:: What you have to do ::
Your task is to repeat exactly the lines from the one with "Rodinny Dum Casa vacanze" through the end of the records, both included; please leave the pictures out.

:: Web page caption snippets ::
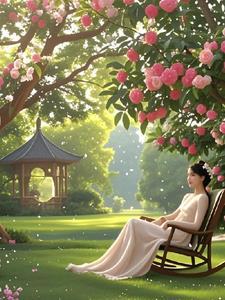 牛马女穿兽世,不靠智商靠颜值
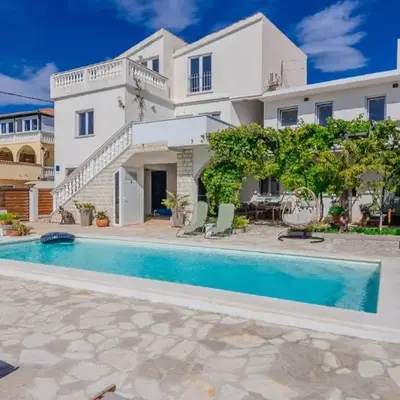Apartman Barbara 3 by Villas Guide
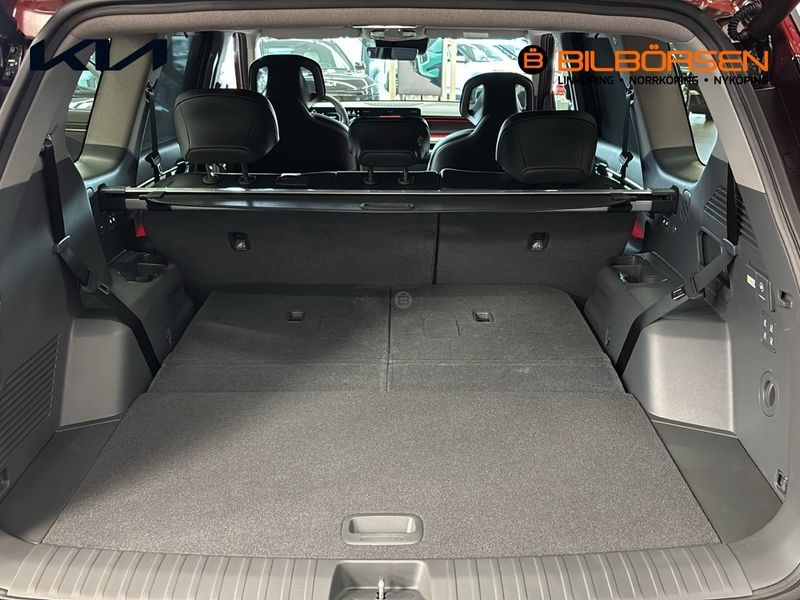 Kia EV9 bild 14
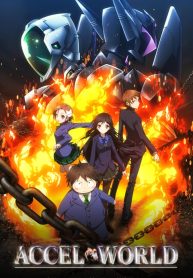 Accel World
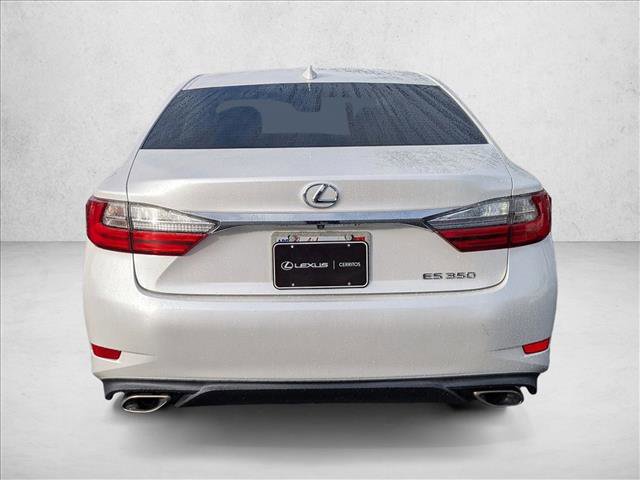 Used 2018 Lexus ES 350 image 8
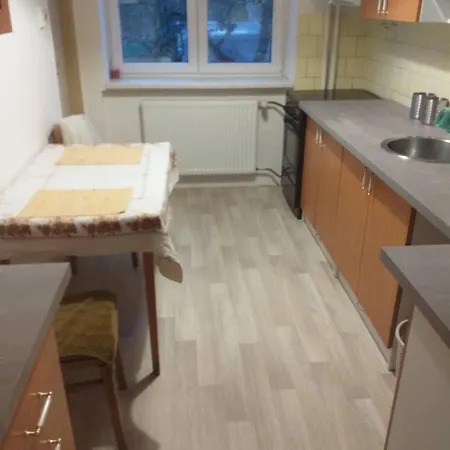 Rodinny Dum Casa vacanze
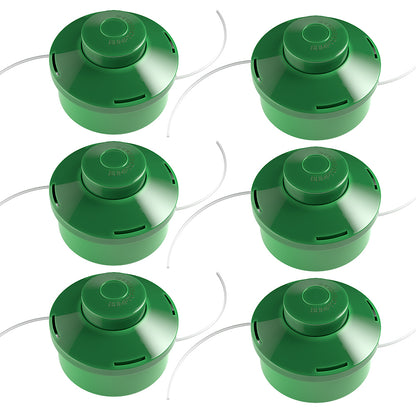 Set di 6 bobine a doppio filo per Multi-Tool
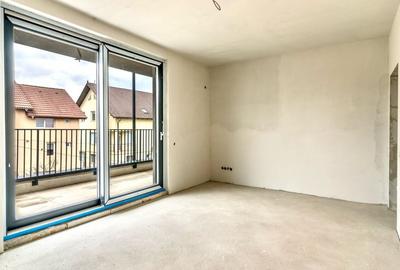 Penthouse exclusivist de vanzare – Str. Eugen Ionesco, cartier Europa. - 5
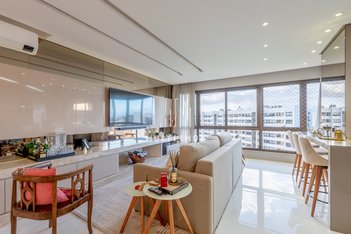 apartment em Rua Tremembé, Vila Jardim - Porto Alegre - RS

:: Answer box ::
 Rodinny Dum Casa vacanze
 Set di 6 bobine a doppio filo per Multi-Tool
 Penthouse exclusivist de vanzare – Str. Eugen Ionesco, cartier Europa. - 5
 apartment em Rua Tremembé, Vila Jardim - Porto Alegre - RS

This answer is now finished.